As we go down this road, let us remind the self-proclaimed bastions of progress that progress and liberation is widely understood to be the presence of equal socioeconomic rights and opportunities.  What these rights and opportunities are have not been defined in absolute terms by society.  If the last century is anything to go by, we know that progress is temporal and continuously in flux as society has and continues to debate resolutions over slavery, women’s suffrage, racial segregation, abortion, and gay marriage. 

So unlike the Qutbuddins we don’t need to clamor to show the world we are in congruence with its transient ideas that are here today, gone tomorrow, and condemned the day after.  We are not going to waste our time trying to steer a boat whose direction changes with the prevailing wind.  Nor are we willing to abandon our morals to prove that our beliefs converge with the inscriptions drawn on the shifting sands of popular public opinion of the day.  We’d rather as quickly focus our energies on our pride that comes from knowing our lives conform to a timeless philosophy anchored in solid ground, one that has come from Allah through Rasulullah (saw) and is espoused by Aimmat Tahereen (as) and their Duat Mutlaqeen (sa).
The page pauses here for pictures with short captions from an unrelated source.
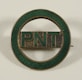 a green and gold pin with the word pint on it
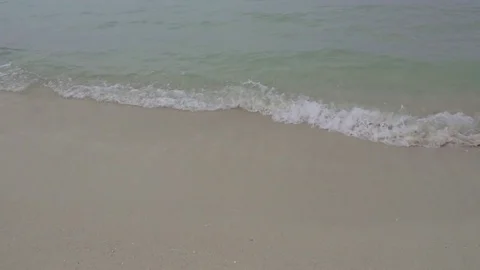 Sea ocean surf HD slow-motion nature video. Water wave on sand beach coast Stock Footage 74729103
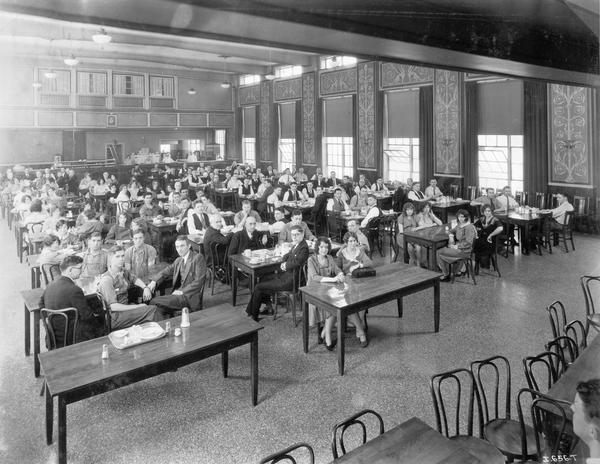 Male and female factory and office workers sitting in the cafeteria at International Harvester's West Pullman Works.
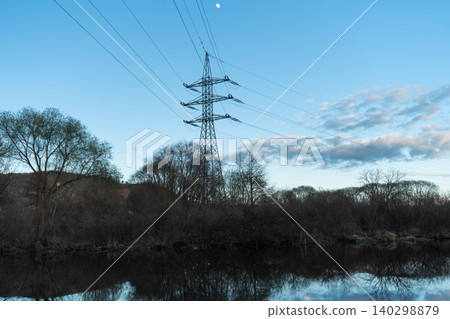 Electric Power Tower Above Riverside Trees Electric Power Tower Above Riverside Trees 140298879
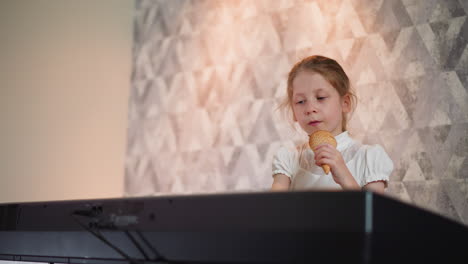 young girl wearing white top playing piano while licking ice cream cone, focused expression, warm soft lighting with patterned wall background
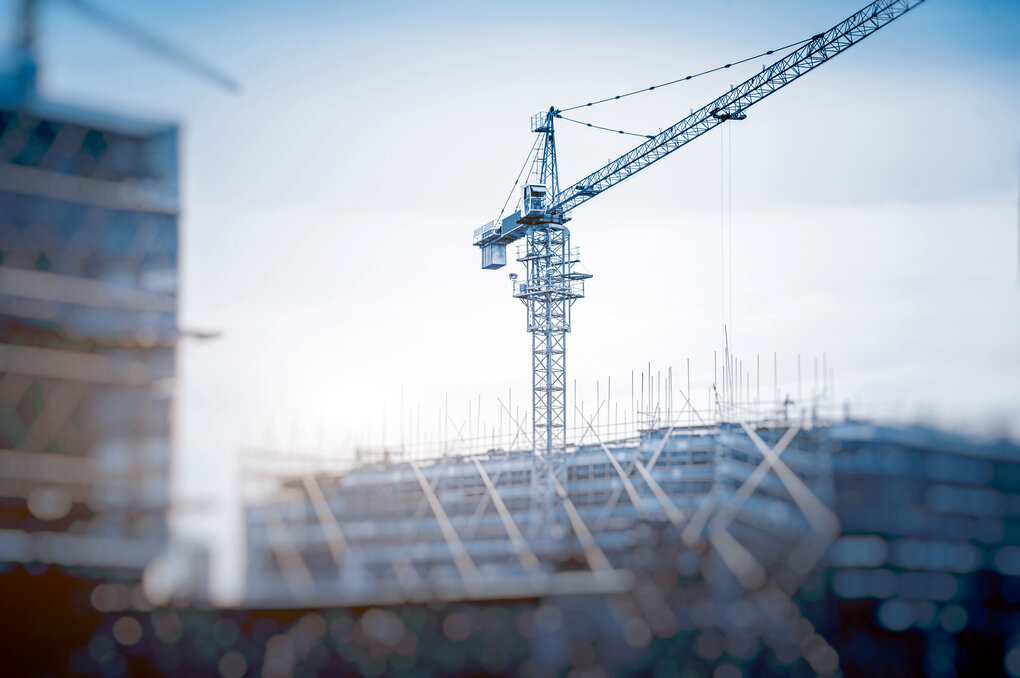Eine Baustelle mit einem Kran - symbolisiert Wachstum in weiteren Geschäftsfeldern wie Projektentwicklung, An- und Verkauf, energetische Modernisierungen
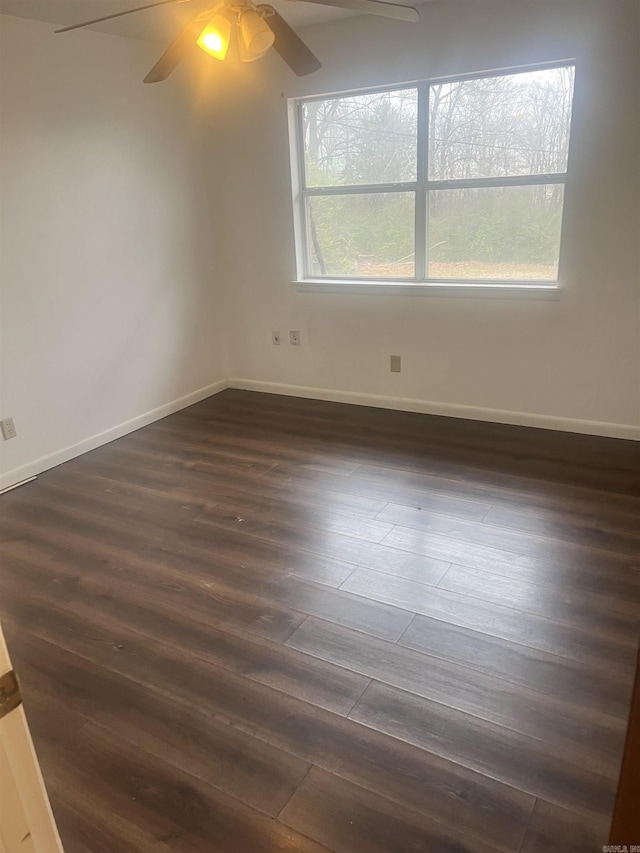 unfurnished room featuring dark wood-type flooring and ceiling fan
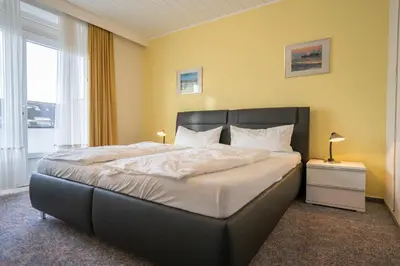 Ein Bett oder Betten in einem Zimmer der Unterkunft Hus Willem Wohnung I 20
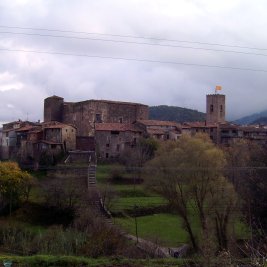 Vista del pueblo medieval de Santa Pau con su castillo y campanario entre los paisajes volcánicos de la Garrotxa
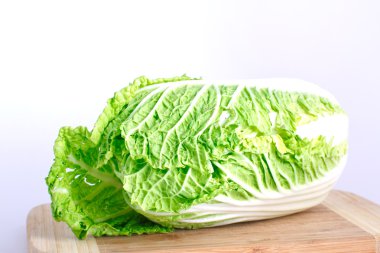 Fresh cabbage on the wood desk clipart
Unfortunately for them in their pressing need to reconcile themselves with the world the Qutbuddins have jettisoned the true liberation that comes from our connection with Moula (tus).  Moula Mohammed Burhanuddin would often talk about the concept of real progress and liberation.  As he once said:

Today Moula Mufaddal Saifuddin (tus) is reminding us of that very philosophy lest we get carried away by some ephemeral currents to rocky shores.  Unlike Khuzaima Qutbuddin, Moula (tus) has his fingers on our pulse, he understands our aspirations, predicaments, and fears so well it is uncanny how he responds to them preemptively.  How many of us have sat through a waaz or bayan and been taken aback by how Moula (tus) confronts issues that deep down within us hound us, create conflicts, and raise questions.  How many countless times has he liberated us from our own demons?

But one wouldn’t expect the Qutbuddins to understand this basic idea.  Those who have chosen to take off (among other things) the qiladas of Imamuz Zaman’s ghulami must not, by definition, believe in the idea of true progress and eternal liberation.   

So let us stand tall and declare that our progress, liberty, dignity, strength, and our true identity comes from our Mawali Kiram who have defined these ideas. Let us scream from pillar to post that we are proud of who we are, the clothes we wear, the food we cook, the language we speak, the education we receive, and our way of life because all of that comes from our Moula (tus).  And let the Qutbuddins know that we will do as our Moula (tus) wants and desist as he deems fit and we would only expect the standard bearers of progress and liberation to defend vigorously our right to our beliefs.